* [WHAT YOU HAVE TO DO] Output, word for word, the span of lines that starts at the one containing "Top & Plunging Ruched Swim Set" and ends at the last line of the records.
--- SUPPLIED INFORMATION Enclosed Below ---
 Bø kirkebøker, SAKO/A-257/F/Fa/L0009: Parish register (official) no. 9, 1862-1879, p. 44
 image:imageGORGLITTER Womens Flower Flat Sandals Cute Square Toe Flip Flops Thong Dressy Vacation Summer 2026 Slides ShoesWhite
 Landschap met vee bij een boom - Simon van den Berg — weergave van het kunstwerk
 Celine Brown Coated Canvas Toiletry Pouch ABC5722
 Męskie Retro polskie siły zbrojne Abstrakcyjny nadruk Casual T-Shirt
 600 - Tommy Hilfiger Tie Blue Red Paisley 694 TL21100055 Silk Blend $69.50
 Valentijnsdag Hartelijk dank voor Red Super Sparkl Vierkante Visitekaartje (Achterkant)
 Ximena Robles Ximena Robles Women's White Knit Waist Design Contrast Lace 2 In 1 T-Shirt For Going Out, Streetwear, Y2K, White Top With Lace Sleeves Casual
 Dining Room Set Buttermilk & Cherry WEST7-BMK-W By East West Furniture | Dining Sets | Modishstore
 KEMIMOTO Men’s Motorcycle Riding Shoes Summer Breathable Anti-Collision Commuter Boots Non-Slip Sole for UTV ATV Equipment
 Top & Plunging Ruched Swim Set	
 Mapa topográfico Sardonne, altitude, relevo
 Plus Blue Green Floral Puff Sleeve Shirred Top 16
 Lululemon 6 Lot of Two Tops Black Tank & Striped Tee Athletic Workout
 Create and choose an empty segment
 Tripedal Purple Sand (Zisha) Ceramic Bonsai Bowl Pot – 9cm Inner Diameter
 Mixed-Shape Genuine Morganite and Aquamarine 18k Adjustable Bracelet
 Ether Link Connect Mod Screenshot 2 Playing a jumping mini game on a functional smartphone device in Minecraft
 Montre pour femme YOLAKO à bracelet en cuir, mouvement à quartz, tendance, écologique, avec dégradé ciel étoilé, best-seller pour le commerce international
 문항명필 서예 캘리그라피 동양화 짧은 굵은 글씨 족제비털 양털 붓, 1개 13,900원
--- End of Enclosed SUPPLIED INFORMATION ---
* [WRITTEN ANSWER]
 Top & Plunging Ruched Swim Set	
 Mapa topográfico Sardonne, altitude, relevo
 Plus Blue Green Floral Puff Sleeve Shirred Top 16
 Lululemon 6 Lot of Two Tops Black Tank & Striped Tee Athletic Workout
 Create and choose an empty segment
 Tripedal Purple Sand (Zisha) Ceramic Bonsai Bowl Pot – 9cm Inner Diameter
 Mixed-Shape Genuine Morganite and Aquamarine 18k Adjustable Bracelet
 Ether Link Connect Mod Screenshot 2 Playing a jumping mini game on a functional smartphone device in Minecraft
 Montre pour femme YOLAKO à bracelet en cuir, mouvement à quartz, tendance, écologique, avec dégradé ciel étoilé, best-seller pour le commerce international
 문항명필 서예 캘리그라피 동양화 짧은 굵은 글씨 족제비털 양털 붓, 1개 13,900원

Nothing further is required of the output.